The votes in the coming days could have widespread implications for GOP freshmen next year, determining whether they get a challenge from within the party in a primary or have to answer for their decisions in the general election… [Pols emphasis]
At least as dangerous to freshman Republicans like Reps. Cory Gardner and Scott Tipton of Colorado is the demotivating effect a successful compromise might have on the conservative base–if 2010’s ardent conservative voters don’t show up to support Tipton next year, for example, that’s just one of several scenarios in which his defeat would be virtually assured. As we noted a couple of days ago, Republican strategy in the debt-ceiling debate appears to have shifted to base appeasement, because it’s really the only achievable goal left. But the effect of bottom-line defeat, demoralization or rebellion, even if Gardner and Tipton are given a pass by vote-counters to vote against a compromise, will be consequential.

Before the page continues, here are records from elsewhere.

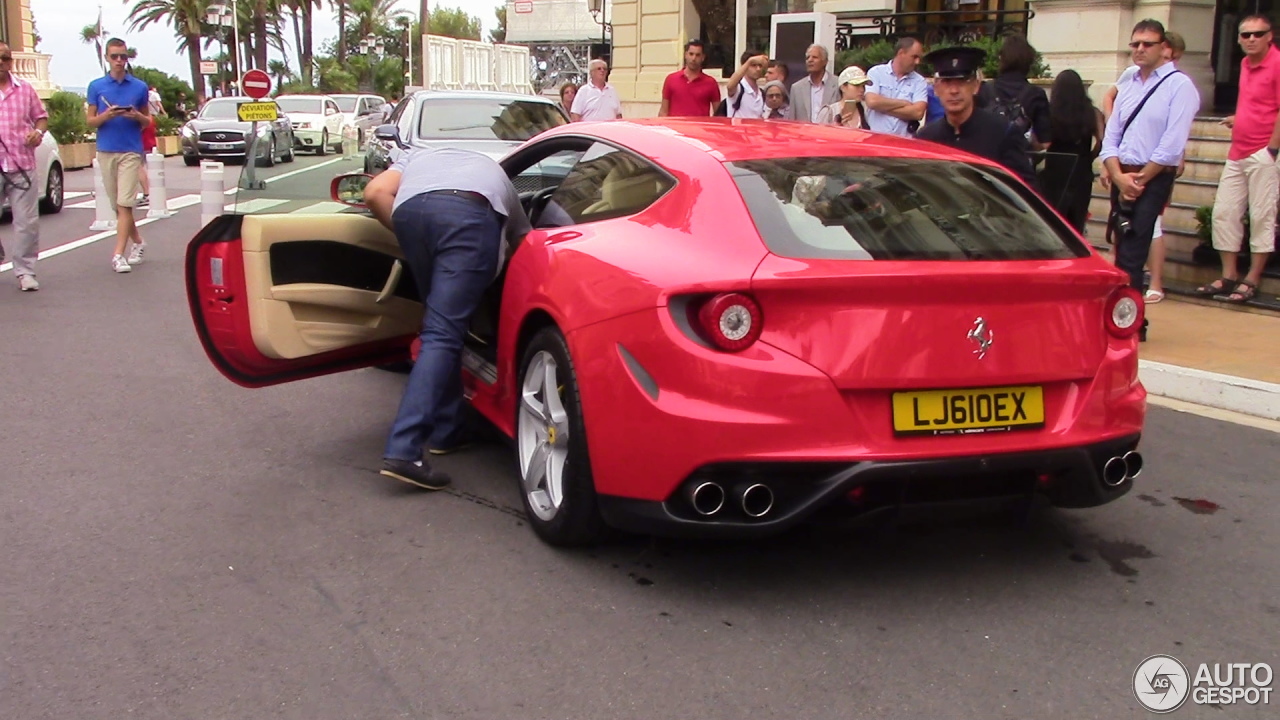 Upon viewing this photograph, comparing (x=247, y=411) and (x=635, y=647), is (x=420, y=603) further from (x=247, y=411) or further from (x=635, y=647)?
(x=247, y=411)

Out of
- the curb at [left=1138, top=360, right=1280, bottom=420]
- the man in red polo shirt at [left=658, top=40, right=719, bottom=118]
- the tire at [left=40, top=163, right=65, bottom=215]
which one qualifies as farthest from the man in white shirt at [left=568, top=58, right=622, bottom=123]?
the curb at [left=1138, top=360, right=1280, bottom=420]

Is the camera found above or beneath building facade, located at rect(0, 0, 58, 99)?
beneath

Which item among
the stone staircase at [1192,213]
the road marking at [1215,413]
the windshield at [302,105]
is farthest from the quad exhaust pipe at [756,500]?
the windshield at [302,105]

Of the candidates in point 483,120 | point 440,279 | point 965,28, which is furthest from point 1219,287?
point 965,28

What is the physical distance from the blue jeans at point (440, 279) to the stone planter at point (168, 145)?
110 ft

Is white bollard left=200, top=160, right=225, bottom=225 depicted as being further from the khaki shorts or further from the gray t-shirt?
the gray t-shirt

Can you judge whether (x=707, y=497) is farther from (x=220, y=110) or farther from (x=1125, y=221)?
(x=220, y=110)

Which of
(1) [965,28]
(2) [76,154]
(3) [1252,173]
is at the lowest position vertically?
(2) [76,154]

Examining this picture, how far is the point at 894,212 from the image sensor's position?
14.0 ft

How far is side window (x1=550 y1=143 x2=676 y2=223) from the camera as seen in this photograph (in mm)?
4602

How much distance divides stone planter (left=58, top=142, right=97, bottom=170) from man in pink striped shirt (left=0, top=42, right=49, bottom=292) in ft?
55.4

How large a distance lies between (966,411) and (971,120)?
10.3 feet

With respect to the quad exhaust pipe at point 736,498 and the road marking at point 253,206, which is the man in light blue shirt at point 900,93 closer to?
the road marking at point 253,206

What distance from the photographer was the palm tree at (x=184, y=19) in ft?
211
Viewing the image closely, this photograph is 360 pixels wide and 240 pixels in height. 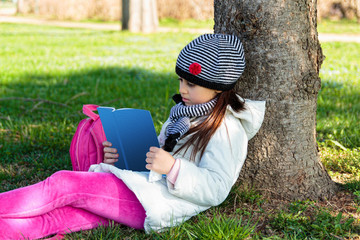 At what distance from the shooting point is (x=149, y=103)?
5.17m

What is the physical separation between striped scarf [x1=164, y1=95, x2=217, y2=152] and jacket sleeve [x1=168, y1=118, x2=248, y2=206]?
0.11 metres

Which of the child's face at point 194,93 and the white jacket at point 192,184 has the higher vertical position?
the child's face at point 194,93

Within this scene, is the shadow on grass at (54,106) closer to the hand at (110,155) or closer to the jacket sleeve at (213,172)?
the hand at (110,155)

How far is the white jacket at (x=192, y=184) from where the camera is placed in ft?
7.22

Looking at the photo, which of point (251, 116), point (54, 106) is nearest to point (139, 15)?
point (54, 106)

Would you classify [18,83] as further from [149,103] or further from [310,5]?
[310,5]

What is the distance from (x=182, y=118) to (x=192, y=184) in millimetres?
371

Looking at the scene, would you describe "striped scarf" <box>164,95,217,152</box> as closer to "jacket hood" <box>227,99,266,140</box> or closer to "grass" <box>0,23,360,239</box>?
"jacket hood" <box>227,99,266,140</box>

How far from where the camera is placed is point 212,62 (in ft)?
7.39

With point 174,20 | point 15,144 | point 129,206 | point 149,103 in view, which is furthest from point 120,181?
point 174,20

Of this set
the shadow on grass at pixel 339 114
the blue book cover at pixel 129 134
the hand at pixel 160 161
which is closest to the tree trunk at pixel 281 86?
the blue book cover at pixel 129 134

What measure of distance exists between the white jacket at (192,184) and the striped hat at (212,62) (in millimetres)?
193

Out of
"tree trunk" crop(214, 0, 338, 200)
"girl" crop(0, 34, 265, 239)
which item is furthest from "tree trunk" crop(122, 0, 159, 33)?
"girl" crop(0, 34, 265, 239)

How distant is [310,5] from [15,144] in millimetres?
2627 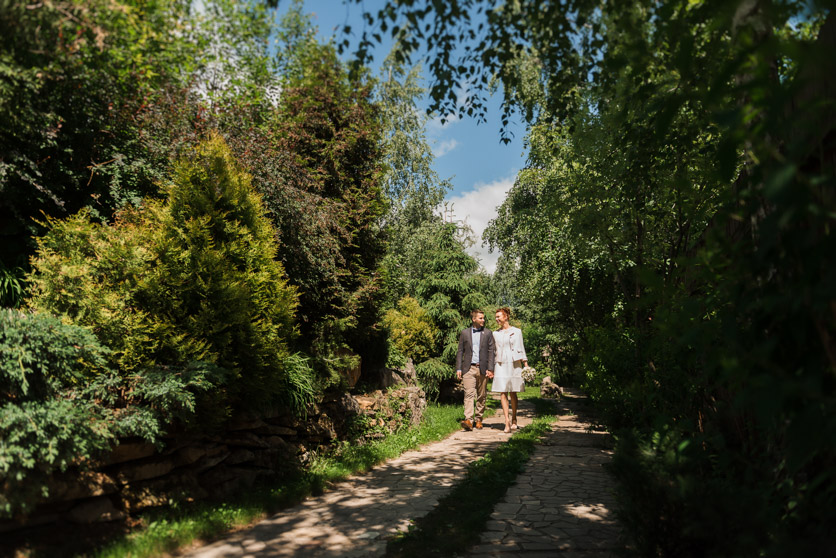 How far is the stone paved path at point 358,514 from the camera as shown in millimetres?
3709

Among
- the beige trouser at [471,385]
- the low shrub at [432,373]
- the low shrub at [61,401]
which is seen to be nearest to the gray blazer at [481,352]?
the beige trouser at [471,385]

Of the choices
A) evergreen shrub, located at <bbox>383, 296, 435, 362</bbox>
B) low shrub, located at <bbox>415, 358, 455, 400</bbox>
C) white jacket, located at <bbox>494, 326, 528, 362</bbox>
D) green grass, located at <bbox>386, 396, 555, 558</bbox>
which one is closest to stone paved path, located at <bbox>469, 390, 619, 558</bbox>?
green grass, located at <bbox>386, 396, 555, 558</bbox>

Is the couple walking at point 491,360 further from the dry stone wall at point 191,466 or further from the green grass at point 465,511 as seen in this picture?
the dry stone wall at point 191,466

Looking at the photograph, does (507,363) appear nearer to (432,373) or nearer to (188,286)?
(432,373)

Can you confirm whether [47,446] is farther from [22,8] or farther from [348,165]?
[348,165]

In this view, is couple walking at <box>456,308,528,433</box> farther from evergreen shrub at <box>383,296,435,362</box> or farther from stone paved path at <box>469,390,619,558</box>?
evergreen shrub at <box>383,296,435,362</box>

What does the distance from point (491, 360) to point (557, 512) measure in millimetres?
5323

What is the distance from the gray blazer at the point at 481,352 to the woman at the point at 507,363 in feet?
0.54

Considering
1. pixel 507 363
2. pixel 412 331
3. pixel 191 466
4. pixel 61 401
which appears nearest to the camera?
pixel 61 401

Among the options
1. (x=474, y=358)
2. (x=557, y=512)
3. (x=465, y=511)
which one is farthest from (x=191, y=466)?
(x=474, y=358)

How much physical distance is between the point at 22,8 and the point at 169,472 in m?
3.91

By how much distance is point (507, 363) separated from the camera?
974 cm

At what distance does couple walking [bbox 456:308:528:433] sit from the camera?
9695 millimetres

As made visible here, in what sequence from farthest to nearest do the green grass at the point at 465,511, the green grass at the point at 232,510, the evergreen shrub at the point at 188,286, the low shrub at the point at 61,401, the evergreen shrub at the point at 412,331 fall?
the evergreen shrub at the point at 412,331
the evergreen shrub at the point at 188,286
the green grass at the point at 465,511
the green grass at the point at 232,510
the low shrub at the point at 61,401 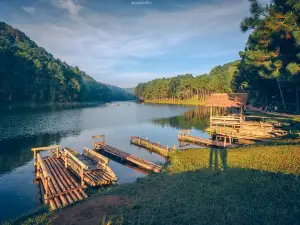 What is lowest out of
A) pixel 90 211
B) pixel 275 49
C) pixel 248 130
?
pixel 90 211

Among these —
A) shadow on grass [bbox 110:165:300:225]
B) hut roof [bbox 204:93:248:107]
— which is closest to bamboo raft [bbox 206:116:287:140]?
hut roof [bbox 204:93:248:107]

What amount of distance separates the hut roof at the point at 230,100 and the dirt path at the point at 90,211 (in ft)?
111

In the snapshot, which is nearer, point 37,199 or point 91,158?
point 37,199

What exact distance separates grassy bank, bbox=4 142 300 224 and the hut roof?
82.2 feet

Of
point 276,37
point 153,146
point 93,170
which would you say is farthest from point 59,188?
point 276,37

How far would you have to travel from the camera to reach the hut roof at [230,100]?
4138 centimetres

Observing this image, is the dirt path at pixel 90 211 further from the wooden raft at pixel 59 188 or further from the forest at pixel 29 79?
the forest at pixel 29 79

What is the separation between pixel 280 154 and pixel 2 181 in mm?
24480

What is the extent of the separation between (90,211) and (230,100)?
3729cm

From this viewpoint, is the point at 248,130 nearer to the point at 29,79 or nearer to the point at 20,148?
the point at 20,148

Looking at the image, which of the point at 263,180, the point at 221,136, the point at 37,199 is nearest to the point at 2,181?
the point at 37,199

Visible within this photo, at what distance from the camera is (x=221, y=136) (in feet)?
121

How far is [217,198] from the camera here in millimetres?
11312

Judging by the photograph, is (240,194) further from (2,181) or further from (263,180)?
(2,181) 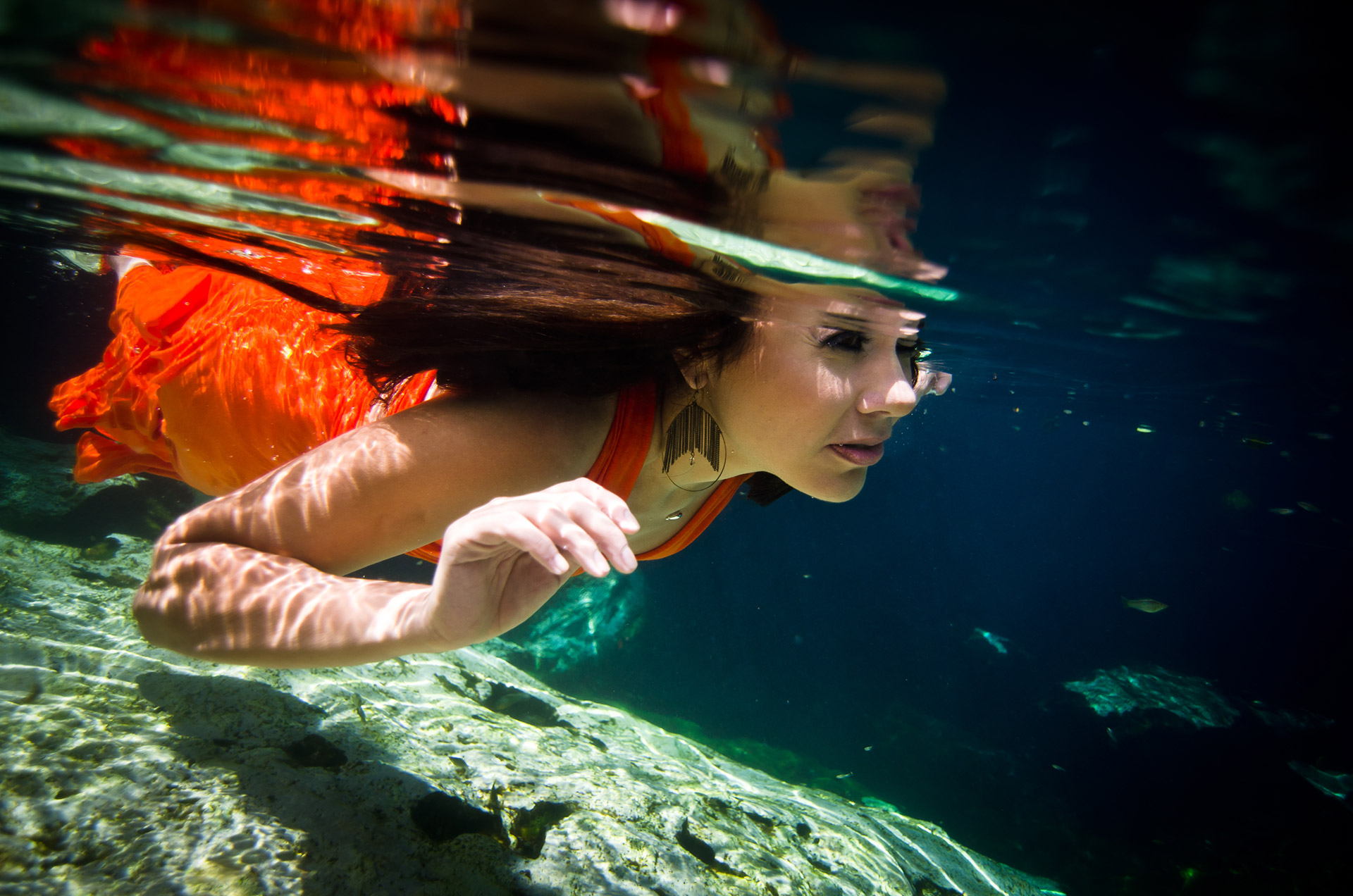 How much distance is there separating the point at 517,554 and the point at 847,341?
194 cm

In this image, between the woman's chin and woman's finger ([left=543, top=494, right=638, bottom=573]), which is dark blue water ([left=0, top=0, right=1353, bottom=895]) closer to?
the woman's chin

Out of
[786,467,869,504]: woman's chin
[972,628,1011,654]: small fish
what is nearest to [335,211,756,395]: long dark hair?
[786,467,869,504]: woman's chin

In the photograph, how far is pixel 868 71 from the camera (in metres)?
2.84

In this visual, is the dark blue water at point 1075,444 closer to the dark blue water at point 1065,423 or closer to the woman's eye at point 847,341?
the dark blue water at point 1065,423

Meanwhile, reports the Colorado Springs Independent, a red-on-red rebellion continues to grow in our state’s largest conservative stronghold of El Paso County. The county Republican Party secretary Sarah Anderson is at the center of a bitter controversy stemming from Rep. Amy Stephens’ support for this year’s health insurance exchange legislation–a bill that started with bipartisan support, but turned into a circus after people like Ms. Anderson discovered that President Obama supports it too. As we and regular poster Jason Salzman have noted, the clash between the hard and moderate right over “AmyCare” has riven the El Paso County GOP, and led to attempts by state party chairman Ryan Call to force Anderson’s resignation.
Though in Anderson’s defense, Some of this stuff is downright freaky:
According to Calef, multiple resolutions were passed in the executive session.
One stated that Anderson must abide by the bylaws of the party “to the satisfaction of the chairman,” said Calef. “And there is this understanding that she won’t be allowed to the talk with the media.”
Part of that is that she is on probation until the next executive committee meeting.
Another: Anderson must write a public statement by Monday that includes a pledge to uphold the bylaws of the party, and to encourage all of her supporters to unite behind the Republican party. She also has the option to include an apology to all of those people that she has offended by her outspokenness.
So Monday, the El Paso GOP executive committee got a statement alright…
The real travesty of 7 July, 2011 at the El Paso County Republican Party Headquarters in Colorado Springs, Colorado was not the sham “trial” conducted in a secret closed-door meeting. That portion of the meeting was a witch hunt with a predetermined outcome…
It doesn’t sound like that loyalty oath Rep. Stephens “suggested” for party officers is having the intended effect, does it? Remember, this all goes back to SB-200, and intra-party threats of retaliation for “caving to Obama”. To Anderson, this is a fight for the Republican Party’s “core principles.” And the party brass heavy-handedness hasn’t worked–we’ve heard that Stephens’ primary challenger will be announced soon after reapportionment.
“The libertarians are trying to take over the Republican Party, and I think that some people have to pay attention to that,” says Stephens. “It’s not just libertarian, it’s anarchy … and it’s happening fast.” [Pols emphasis]
Now, some of you have asked, and not just rhetorically, why so many in Congress who know better have dug themselves into such a rhetorical hole, clinging to dogma so far past the point of reasonableness–to the point where the public has solidly turned against them.
We think you’re seeing the reason play out in El Paso County.